So now I want to get back to the shape of that curve and talk a little bit about the single point soil water characteristic curve, which is what I was hoping primarily to talk about today. Okay, so here are three soils, couple of sandy soils and and a silt loam soil. And you can see that we’ve again plotted these on that semi log plot with water content versus log of water potential, and these become a straight line. And we all remember that, you know, just from our introductory math classes back in probably junior high that any two points define a line. So I will tell you that myself, I have spent quite a bit of time generating these moisture characteristic curves, and I always collect a bunch of data. I mean, these are data that I’ve collected for various reasons, where I generally have 5, 10, 15 points in the dry end. Well, what I’m telling you is that you don’t necessarily need that many data, okay. If these are always linear plots and two points define a line, then all you really need is maybe a point at air dry, okay, and then another point wetter in the dry end still of the moisture characteristic curve, and those two points define the line and you don’t need all the rest of those points. And so you could do this at any two points along the line. So we’re already establishing that you don’t need to collect a whole bunch of data — really, all you need to collect are two points. But I keep talking about a single point moisture characteristic curve. So let’s look at that.

What else do you notice about the two trend lines that are fit through these data? Well, if you look closely, you’ll notice that if you extend those and you extrapolate all the way to zero water content, then all of these extrapolate through the same point, okay, negative 1000 megapascals of water potential or positive 1000 megapascals of suction at zero water content. Now, I want to point out that you can never reach this point. You can never actually reach zero water content on Earth. There’s always going to be some water left even after you bake the soil out. But this is an extrapolation, okay, an extrapolation to the point where we would reach zero water content, and that is always negative 1000 megapascals, negative a million kilopascals. If you’re used to log kPa that’s 6.0 log kPa, seven pF, negative two for a chi value, that’s a thermodynamic value that is actually the log of water potential, or 0.06% relative humidity. Those are all the same value of negative 1000 megapascals. So now, if we have our point pegged for all moisture characteristic curves at zero water content and negative 1000 megapascals, then if two points define a line, and we already have one of those points, then it’s pretty easy to grab one point on that moisture characteristic curve and reproduce the line that defines that soil water characteristic curve. And you could do that again with just an air dry point that’s at about negative 100 megapascals, but then you’d be extrapolating quite a bit out here. I would tend to do this at a little bit wetter point, if possible, maybe wet point out here. And then you’ve again defined your line and determined the entire dry end soil water characteristic curve with one single measurement, okay, one single water content—water potential pair. Pretty cool, huh? Well, we certainly thought so and still think so to some extent. But there may be some issues with that, that we’ll get to a little bit later.

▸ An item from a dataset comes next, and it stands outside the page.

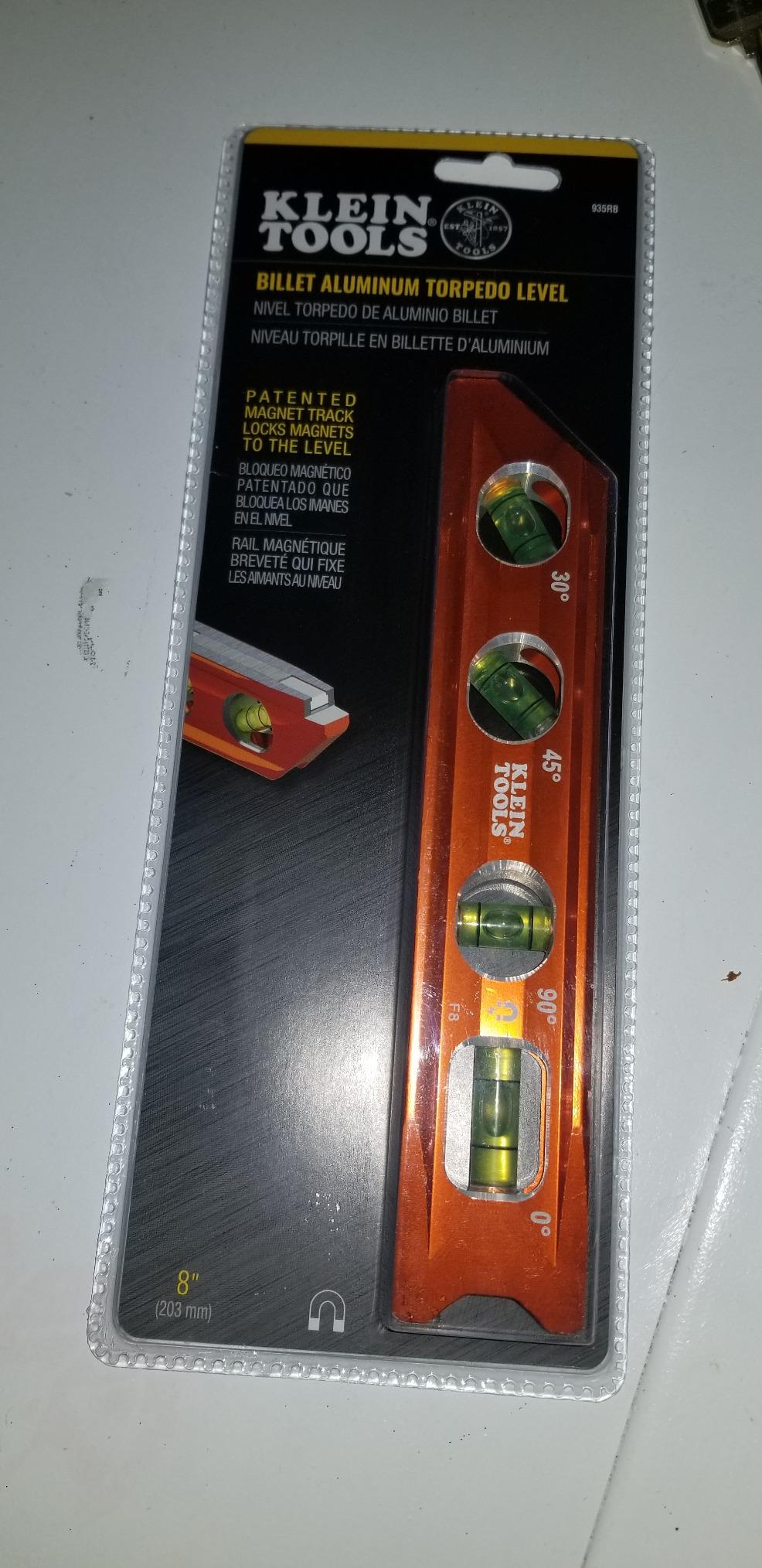 Klein Tools 935RBLT Level, 9-Inch Lighted Torpedo Level with Magnet, 0/45/90 Degree Vials and V-Groove, Water and Impact Resistant, High-Visibility Customer Review Klein Tools 935RBLT Level, 9-Inch Lighted Torpedo Level with Magnet, 0/45/90 Degree Vials and V-Groove, Water and Impact Resistant, High-Visibility - Customer Photo 2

Wanted to point out that this is not necessarily a new technique. Bill Likos back in 2008 published a paper on the water content 75 technique. And so, what is this? Well, what his paper was saying is that if you equilibrate a soil sample over saturated sodium chloride, which has a relative humidity of 75%, or a water potential of negative 40 megapascals and then you measure the water content when that soil has been equilibrated at negative 40 megapascals, then you can use that to classify an expansive soil. And I would say that this is simply in an extension of the McKeen technique and an example of the single point moisture characteristic curve. So you can see I have some water content for various soils at this 75% relative humidity or negative 40 megapascals plotted, okay. If you use that single point, and recreate the single point moisture characteristic curve by going out and using the second point at negative 1000 and zero water content, then you’ve recreated these lines, and taking the slope of these lines will give you the expansive potential by using a technique like that McKeen technique. So this is essentially a one point soil water characteristic curve, and just taking the slope of that and plugging it into the McKeen framework. So it’s not a new concept. It’s been out there, but maybe not pointed to explicitly.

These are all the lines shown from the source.